We are launching a new initiative aiming at increasing the population size of scavenging birds in the Central Apennines.
Funding from the European Outdoor Conservation Association (EOCA) together with the valuable partnership and support of Carabinieri Forestali (former Corpo Forestale dello Stato – State Forest Service) and of Protected Areas’ authorities, volunteers and local communities will boost actions for the conservation of griffon vultures and thus positively impact also all wildlife sharing its habitat.
Through the “Improving the Circle of Life in the Central Apennines” grant we will increase the number of GPS-tagged griffon vultures from 25 in 2021 to 45 in 2022-2023 and will also carry out more patrolling activities done by the Vulture Field Officer, volunteers and Carabinieri Forestali from 95 in 2021 to 150 in 2022-2023 scaling up the detection of poisoned animals, clearing contaminated carcasses and making the area safe for all wildlife.
Monitoring via GPS, camera traps and direct observations will guide our actions and contribute to creating a healthier environment, monitoring and reducing poison events and enabling both obligate and opportunistic scavengers to consume carcasses safely.
There are more threats in addition to poison. Rewilding Apennines will also engage in surveys of wind turbines and power lines to detect dead birds and estimate collision risks and plan mitigation interventions.

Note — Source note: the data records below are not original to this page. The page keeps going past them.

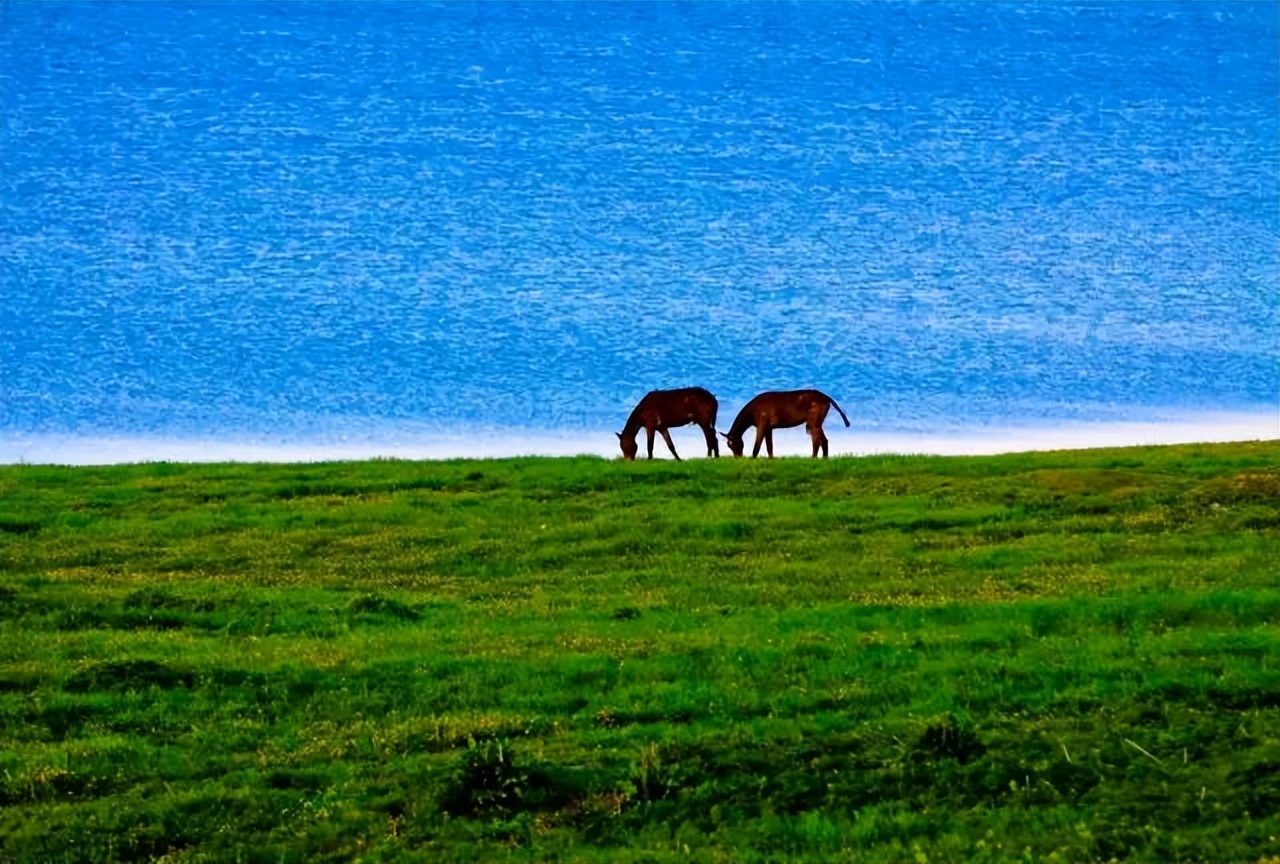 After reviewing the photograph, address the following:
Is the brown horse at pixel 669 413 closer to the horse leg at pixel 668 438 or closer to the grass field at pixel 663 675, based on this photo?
the horse leg at pixel 668 438

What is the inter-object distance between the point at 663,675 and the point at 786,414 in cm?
2709

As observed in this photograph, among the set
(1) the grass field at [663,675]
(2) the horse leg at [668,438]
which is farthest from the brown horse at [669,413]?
(1) the grass field at [663,675]

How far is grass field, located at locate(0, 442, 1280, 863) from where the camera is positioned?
15.4 meters

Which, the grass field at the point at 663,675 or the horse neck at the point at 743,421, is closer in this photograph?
the grass field at the point at 663,675

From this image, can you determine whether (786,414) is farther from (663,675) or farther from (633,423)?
(663,675)

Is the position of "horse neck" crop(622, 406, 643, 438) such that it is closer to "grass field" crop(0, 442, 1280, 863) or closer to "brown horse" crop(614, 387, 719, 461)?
"brown horse" crop(614, 387, 719, 461)

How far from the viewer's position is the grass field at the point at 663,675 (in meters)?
15.4

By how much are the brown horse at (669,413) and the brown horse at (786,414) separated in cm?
110

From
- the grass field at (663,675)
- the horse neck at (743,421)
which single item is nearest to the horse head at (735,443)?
the horse neck at (743,421)

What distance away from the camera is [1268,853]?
1376cm

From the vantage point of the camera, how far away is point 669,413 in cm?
4881

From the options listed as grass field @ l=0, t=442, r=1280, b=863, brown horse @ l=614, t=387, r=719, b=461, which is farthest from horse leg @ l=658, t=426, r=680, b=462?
grass field @ l=0, t=442, r=1280, b=863

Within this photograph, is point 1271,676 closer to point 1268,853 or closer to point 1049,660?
point 1049,660

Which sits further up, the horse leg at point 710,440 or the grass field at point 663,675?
the horse leg at point 710,440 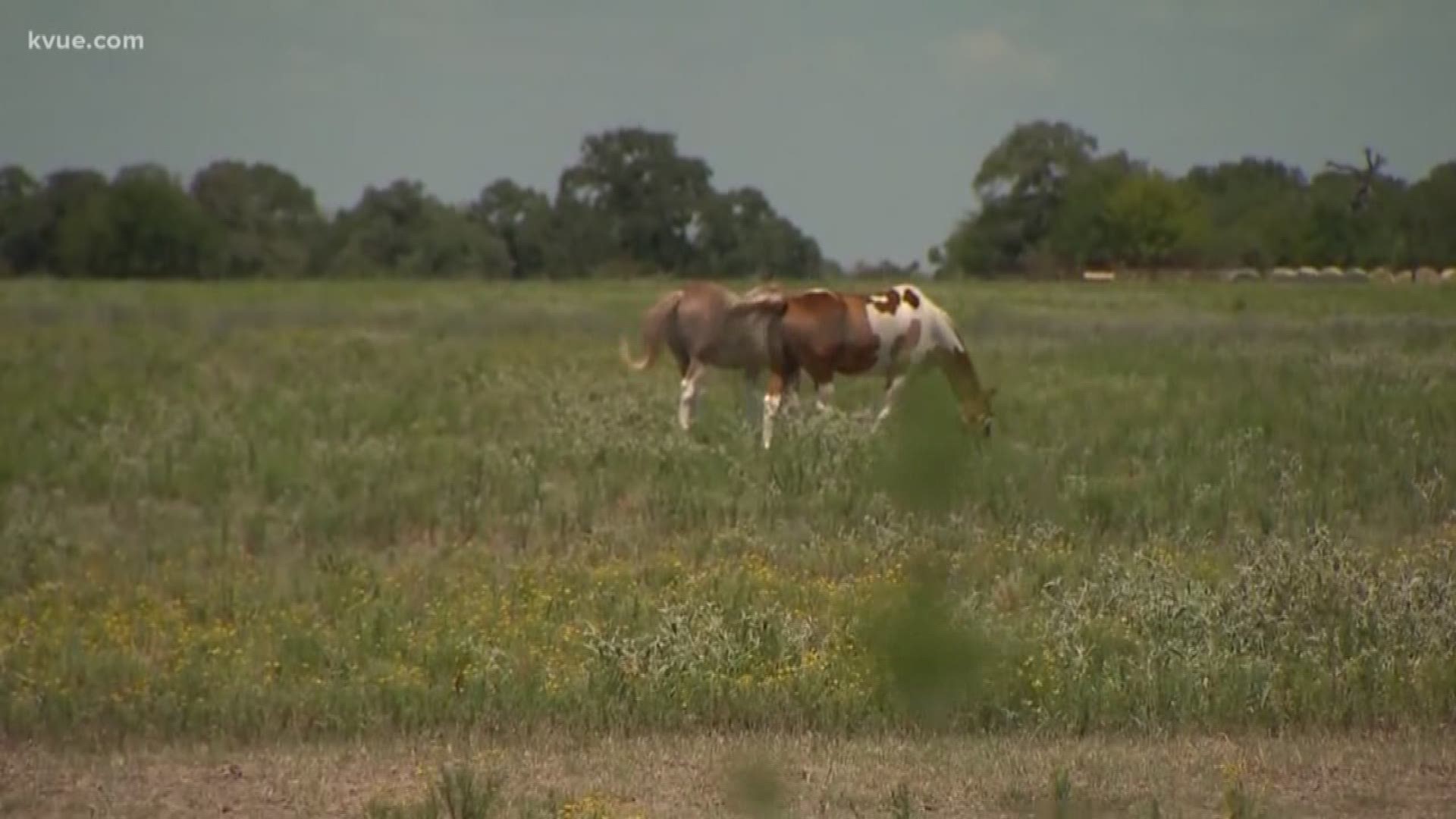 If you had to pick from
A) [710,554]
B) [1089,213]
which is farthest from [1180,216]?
[710,554]

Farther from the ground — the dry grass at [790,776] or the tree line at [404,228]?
the tree line at [404,228]

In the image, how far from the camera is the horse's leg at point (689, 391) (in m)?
19.4

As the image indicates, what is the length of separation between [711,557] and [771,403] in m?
6.16

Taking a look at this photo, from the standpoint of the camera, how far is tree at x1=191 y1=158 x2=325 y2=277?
2320 inches

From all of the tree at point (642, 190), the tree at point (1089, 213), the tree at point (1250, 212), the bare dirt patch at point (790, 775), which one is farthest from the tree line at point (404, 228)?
the bare dirt patch at point (790, 775)

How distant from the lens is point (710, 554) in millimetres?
12695

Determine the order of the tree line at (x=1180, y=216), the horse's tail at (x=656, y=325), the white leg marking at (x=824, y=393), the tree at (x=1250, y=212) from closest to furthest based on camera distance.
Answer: the white leg marking at (x=824, y=393) → the horse's tail at (x=656, y=325) → the tree line at (x=1180, y=216) → the tree at (x=1250, y=212)

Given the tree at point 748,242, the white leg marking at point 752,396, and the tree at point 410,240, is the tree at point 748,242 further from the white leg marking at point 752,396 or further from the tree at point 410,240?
the white leg marking at point 752,396

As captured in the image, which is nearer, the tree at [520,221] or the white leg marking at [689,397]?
the white leg marking at [689,397]

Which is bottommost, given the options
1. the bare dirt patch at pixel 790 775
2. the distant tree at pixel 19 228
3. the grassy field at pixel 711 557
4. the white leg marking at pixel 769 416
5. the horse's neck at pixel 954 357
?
the bare dirt patch at pixel 790 775

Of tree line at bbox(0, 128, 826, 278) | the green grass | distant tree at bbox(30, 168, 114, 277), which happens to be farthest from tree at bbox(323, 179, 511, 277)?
the green grass

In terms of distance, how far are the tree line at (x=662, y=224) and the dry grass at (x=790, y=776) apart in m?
24.3

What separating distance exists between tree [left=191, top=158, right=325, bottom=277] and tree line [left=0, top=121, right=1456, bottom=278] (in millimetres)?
77

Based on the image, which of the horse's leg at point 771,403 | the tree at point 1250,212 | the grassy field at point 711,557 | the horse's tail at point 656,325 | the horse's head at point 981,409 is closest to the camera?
the grassy field at point 711,557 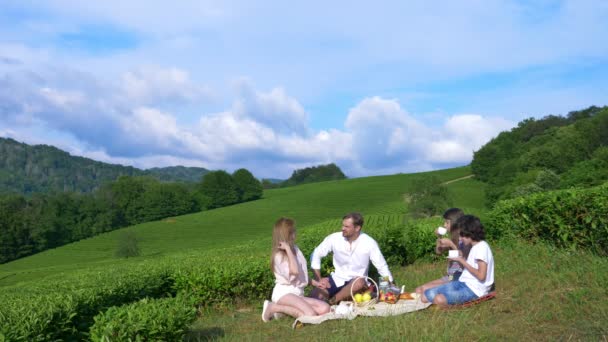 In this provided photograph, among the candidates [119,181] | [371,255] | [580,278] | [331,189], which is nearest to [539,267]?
[580,278]

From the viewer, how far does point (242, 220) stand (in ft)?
231

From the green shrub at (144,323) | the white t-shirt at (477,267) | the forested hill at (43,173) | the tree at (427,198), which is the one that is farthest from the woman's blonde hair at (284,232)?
the forested hill at (43,173)

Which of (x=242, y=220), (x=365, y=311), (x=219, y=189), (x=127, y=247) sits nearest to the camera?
(x=365, y=311)

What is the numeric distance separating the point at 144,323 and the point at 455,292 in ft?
13.0

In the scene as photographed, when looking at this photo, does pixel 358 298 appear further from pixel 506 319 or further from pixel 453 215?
pixel 506 319

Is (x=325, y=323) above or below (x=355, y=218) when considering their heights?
below

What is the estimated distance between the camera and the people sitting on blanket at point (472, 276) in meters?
6.86

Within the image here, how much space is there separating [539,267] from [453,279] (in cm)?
168

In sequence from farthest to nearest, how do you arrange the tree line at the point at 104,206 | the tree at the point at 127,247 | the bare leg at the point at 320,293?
the tree line at the point at 104,206
the tree at the point at 127,247
the bare leg at the point at 320,293

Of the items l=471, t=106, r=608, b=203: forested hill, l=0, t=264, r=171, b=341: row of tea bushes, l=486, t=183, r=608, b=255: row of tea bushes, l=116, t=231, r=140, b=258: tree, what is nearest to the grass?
l=486, t=183, r=608, b=255: row of tea bushes

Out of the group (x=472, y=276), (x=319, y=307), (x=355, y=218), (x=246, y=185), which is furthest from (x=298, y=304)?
(x=246, y=185)

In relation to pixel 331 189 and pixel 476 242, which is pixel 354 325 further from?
pixel 331 189

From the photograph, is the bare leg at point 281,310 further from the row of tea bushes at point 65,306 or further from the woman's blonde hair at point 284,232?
the row of tea bushes at point 65,306

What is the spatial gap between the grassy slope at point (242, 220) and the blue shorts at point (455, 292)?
40.4m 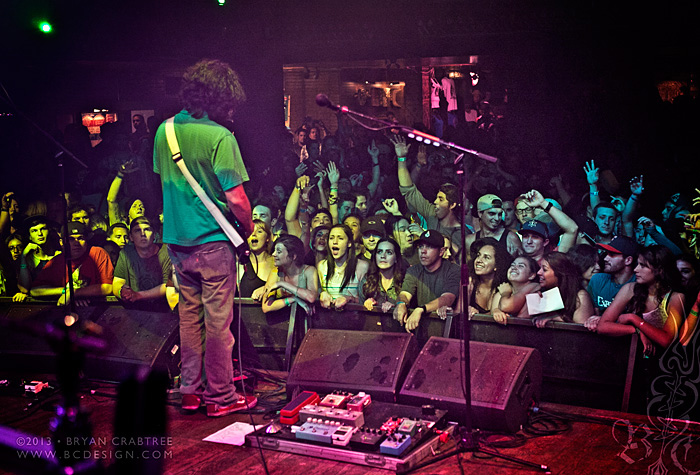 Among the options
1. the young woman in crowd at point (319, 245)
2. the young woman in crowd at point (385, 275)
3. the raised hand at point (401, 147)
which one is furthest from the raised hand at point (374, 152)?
the young woman in crowd at point (385, 275)

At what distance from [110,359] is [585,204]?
4.16 meters

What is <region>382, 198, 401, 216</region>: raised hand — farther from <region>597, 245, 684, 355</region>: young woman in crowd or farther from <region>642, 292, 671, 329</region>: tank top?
<region>642, 292, 671, 329</region>: tank top

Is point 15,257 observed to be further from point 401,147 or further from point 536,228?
point 536,228

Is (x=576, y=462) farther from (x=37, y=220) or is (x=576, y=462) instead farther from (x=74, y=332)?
(x=37, y=220)

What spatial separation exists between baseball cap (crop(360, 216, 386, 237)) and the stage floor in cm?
196

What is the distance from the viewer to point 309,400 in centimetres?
428

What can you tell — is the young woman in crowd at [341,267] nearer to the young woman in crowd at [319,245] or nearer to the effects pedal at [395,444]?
the young woman in crowd at [319,245]

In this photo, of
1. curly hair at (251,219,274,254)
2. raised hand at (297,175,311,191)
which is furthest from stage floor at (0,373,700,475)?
raised hand at (297,175,311,191)

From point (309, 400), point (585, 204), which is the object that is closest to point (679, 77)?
point (585, 204)

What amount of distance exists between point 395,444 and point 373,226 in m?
2.52

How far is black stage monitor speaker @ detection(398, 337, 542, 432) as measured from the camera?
4.03 metres

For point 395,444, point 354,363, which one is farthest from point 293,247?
point 395,444

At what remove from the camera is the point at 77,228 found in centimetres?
638

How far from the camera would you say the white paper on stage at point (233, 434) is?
404cm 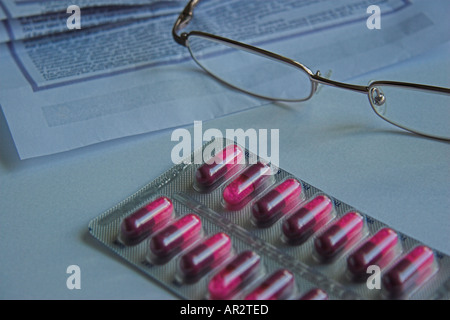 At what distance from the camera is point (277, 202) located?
62 cm

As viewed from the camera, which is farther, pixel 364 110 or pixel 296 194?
→ pixel 364 110

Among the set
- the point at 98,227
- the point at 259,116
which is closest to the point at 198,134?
the point at 259,116

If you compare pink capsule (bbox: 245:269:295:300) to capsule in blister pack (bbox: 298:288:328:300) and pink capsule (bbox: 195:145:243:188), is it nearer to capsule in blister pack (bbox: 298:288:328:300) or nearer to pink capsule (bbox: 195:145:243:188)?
capsule in blister pack (bbox: 298:288:328:300)

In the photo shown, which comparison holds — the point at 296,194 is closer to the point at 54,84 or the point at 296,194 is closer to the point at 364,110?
the point at 364,110

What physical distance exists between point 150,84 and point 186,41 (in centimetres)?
9

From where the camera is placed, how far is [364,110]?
784 millimetres

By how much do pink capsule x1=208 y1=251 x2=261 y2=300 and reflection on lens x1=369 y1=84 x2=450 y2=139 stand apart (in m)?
0.29

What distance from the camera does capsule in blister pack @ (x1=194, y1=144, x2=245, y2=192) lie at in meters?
0.66

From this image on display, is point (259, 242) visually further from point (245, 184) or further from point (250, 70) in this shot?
point (250, 70)

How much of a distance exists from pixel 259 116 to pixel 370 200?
195 millimetres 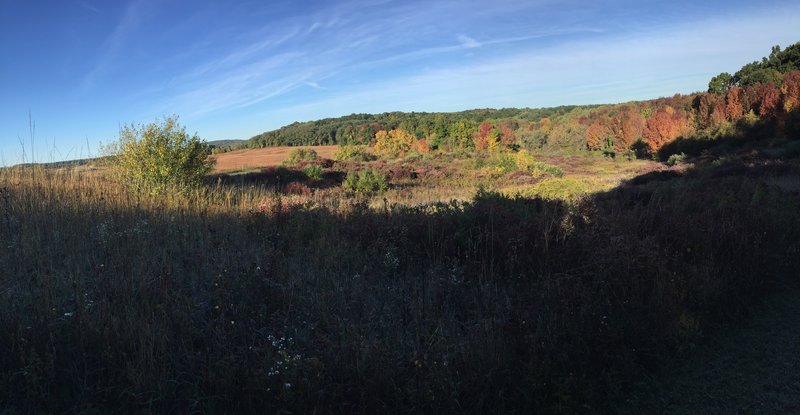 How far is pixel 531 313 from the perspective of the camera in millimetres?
3816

“This is a complex initiative which reunites a variety of local stakeholders. From police, park and veterinary authorities to NGOs, farmers, tourists and tourism entrepreneurs, we are all involved in the conservation of the griffon vulture and we want to emphasise the benefits that everybody receives from this species and identify and reduce threats posed on these birds.” Says Vulture Field Officer Nicolò Borgianni.
We plan to lead griffon-related tours and events in the area to raise further awareness about the ecological relevance of the griffon vulture for the precious ecosystem services they provide the local communities.